Structurally, the west Nile Delta (WND) is characterized by steep, fault-bounded margins which exerted a fundamental control on the stratigraphic position and fill of slope canyon and channel systems in the Pliocene play fairway. Syndepositional slope collapse has had a significant impact on the development of these slope reservoir systems. The Giza Field gas accumulation is an upper-slope channel complex set characterized by a 160m erosional confinement within a 2.5km wide fairway draping a 20 X 10 km wide plunging anticline, setting up a combination structural-stratigraphic trap. Down slope, the Giza channel complex set can be tracked for a distance of >100 km into a constructional levee confined system on the lower slope.

Visualization of the internal geometry of the Giza channel complex set is based on 3D multiazimuth (MAZ) seismic data tied to extensive conventional core data recovered from both the exploration discovery well and a subsequent appraisal well. The high resolution seismic, combined with log- and corescale observations, provide spectacular insights into the gross seismic architecture, internal geometry, and stacking patterns of the Giza channel complex set.

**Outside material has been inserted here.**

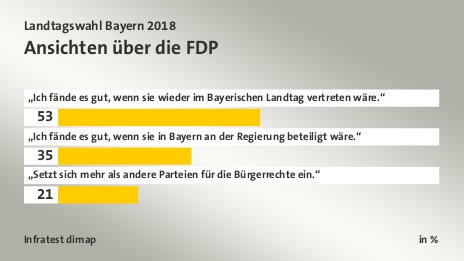 Ansichten über die FDP, in %: „Ich fände es gut, wenn sie wieder im Bayerischen Landtag vertreten wäre.“ 53, „Ich fände es gut, wenn sie in Bayern an der Regierung beteiligt wäre.“ 35, „Setzt sich mehr als andere Parteien für die Bürgerrechte ein.“ 21, Quelle: Infratest dimap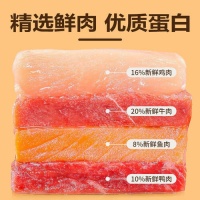 心粮时刻狗粮+小佩烘干箱：让爱犬健康美丽，主人轻松无忧的养宠新体验！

This paper will demonstrate the facies change and channel geometry variation with the Giza channel reservoir fairway, from incision and bypass, to the initial backfill within a low sinuosity aggradational stacked channel phase, to a more sinuous constructional channel levee fill style having ‘levee lobes,’ to ultimate channel abandonment. Fundamental controls on sedimentation patterns are controlled by a combination of a basin-bounding tectonic control on sediment input points, mass transport processes on the slope generated (generation of accommodation space for precursor lobes), and a deep seated intrabasinal tectonic control that has episodically generated subtle, emergent topography, which has, in part, controlled channel element sinuosity and net to gross.